It includes a 2 metre boundary around the archaeological features,
considered to be essential for the monument's support and preservation.
Source: Historic England
Round barrow cemeteries date to the Bronze Age (c.2000-700 BC). They comprise
closely-spaced groups of up to 30 round barrows - rubble or earthen mounds
covering single or multiple burials. Most cemeteries developed over a
considerable period of time, often many centuries, and in some cases acted as
a focus for burials as late as the early medieval period. They exhibit
considerable diversity of burial rite, plan and form, frequently including
several different types of round barrow, occasionally associated with earlier
long barrows. Where large scale investigation has been undertaken around them,
contemporary or later "flat" burials between the barrow mounds have often been
revealed. Round barrow cemeteries occur across most of lowland Britain, with a
marked concentration in Wessex. In some cases, they are clustered around other
important contemporary monuments such as henges. Often occupying prominent
locations, they are a major historic element in the modern landscape, whilst
their diversity and their longevity as a monument type provide important
information on the variety of beliefs and social organisation amongst early
prehistoric communities. They are particularly representative of their period
and a substantial proportion of surviving or partly-surviving examples are
considered worthy of protection.
The Black Bush Plain round barrow cemetery contains a significantly large
number of small undisturbed barrows.
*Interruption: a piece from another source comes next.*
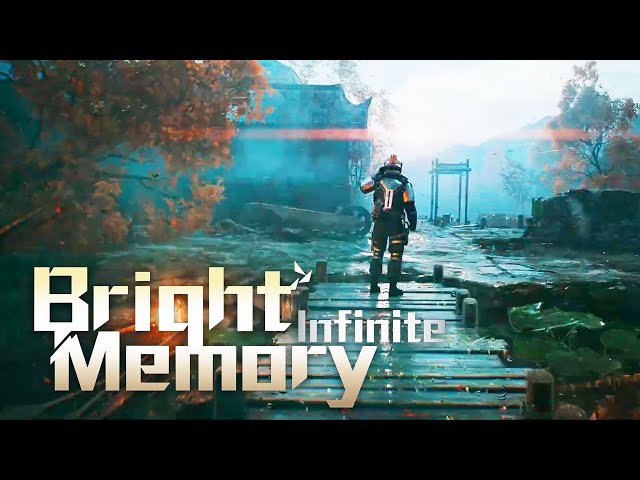 Bright Memory Infinite - Inside Xbox Series X Next Gen Trailer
The survival of so many small barrows
within a cemetery is particularly uncommon in southern England. Although some
of the larger mounds have been partially disturbed, all the barrows retain
undisturbed remains and the cemetery as a whole has considerable
archaeological potential. The New Forest region is known to have been
important in terms of lowland Bronze Age occupation and a considerable amount
of archaeological evidence has survived because of a lack of agricultural
activity, the result of later climatic deterioration, development of heath and
the establishment of a Royal Forest.